*What you will do*. Locate "Transparent Plastic Sticker" in the data below, then output the line it is on and all following lines through the last, word for word. Skip any pictures.

*Supplied material*.
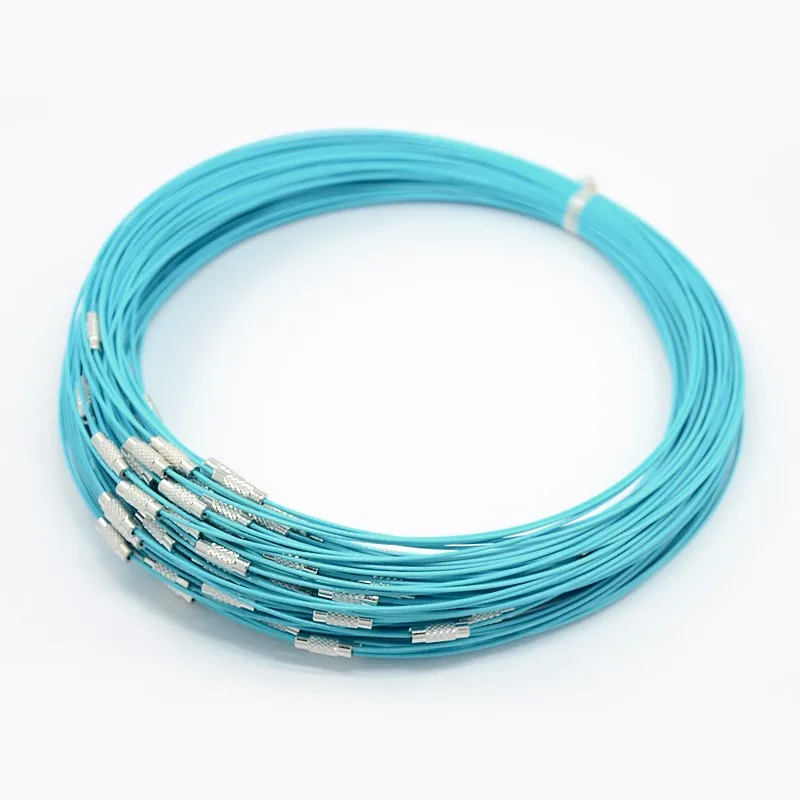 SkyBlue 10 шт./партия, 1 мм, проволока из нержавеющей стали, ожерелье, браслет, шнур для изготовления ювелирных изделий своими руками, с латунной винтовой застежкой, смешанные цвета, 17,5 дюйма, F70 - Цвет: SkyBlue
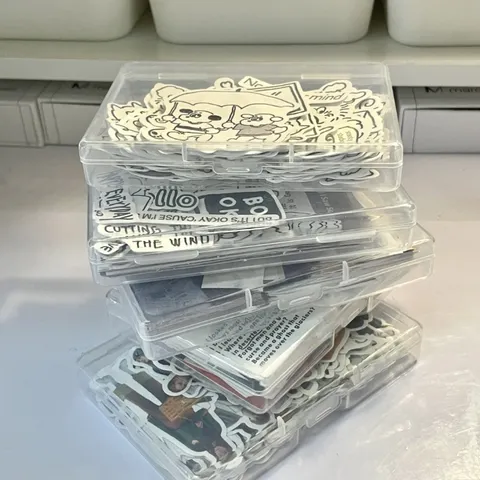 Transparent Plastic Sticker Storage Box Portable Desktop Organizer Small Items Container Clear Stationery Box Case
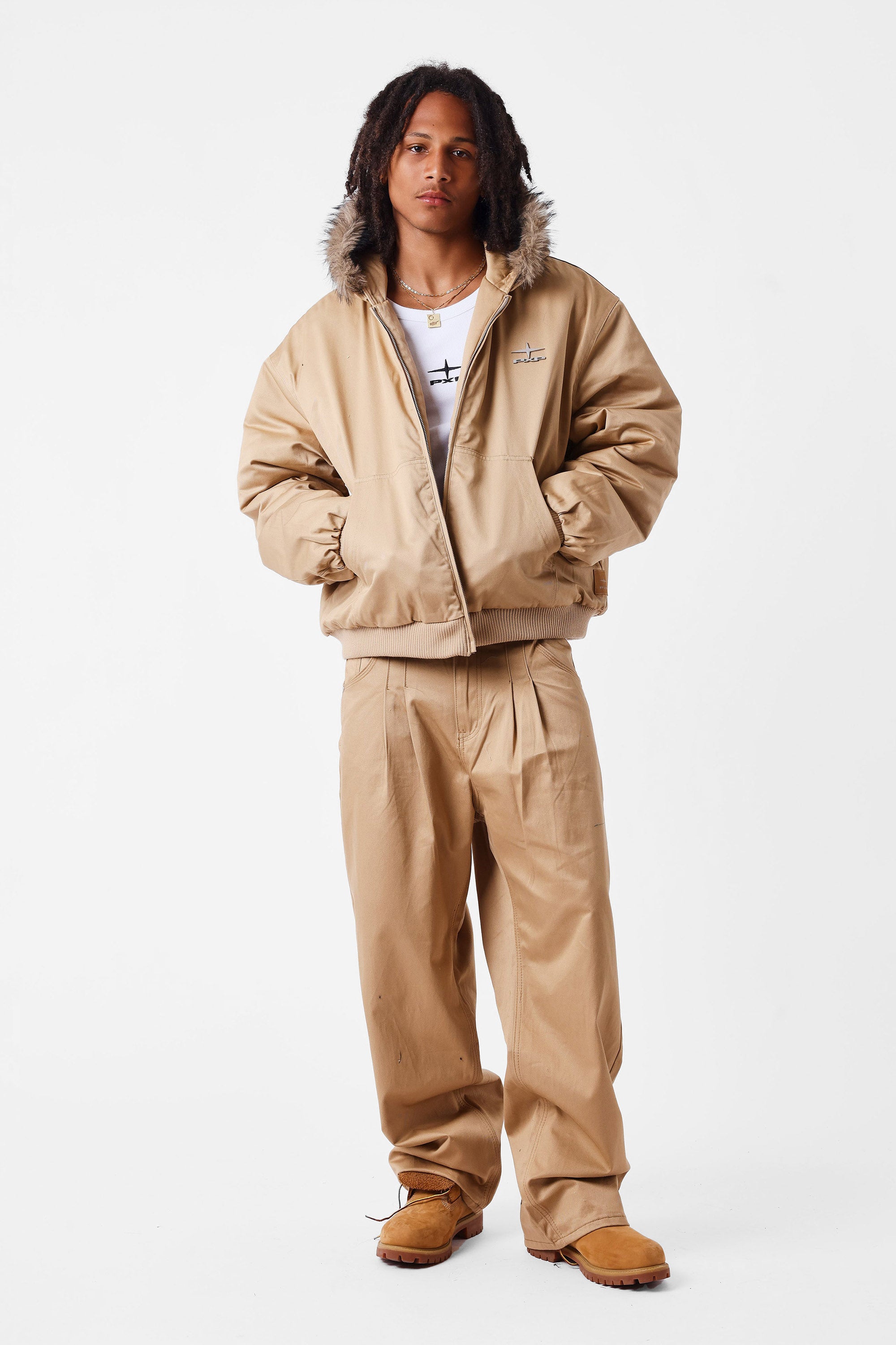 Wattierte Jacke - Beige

*Response to the task*.
 Transparent Plastic Sticker Storage Box Portable Desktop Organizer Small Items Container Clear Stationery Box Case
 Wattierte Jacke - Beige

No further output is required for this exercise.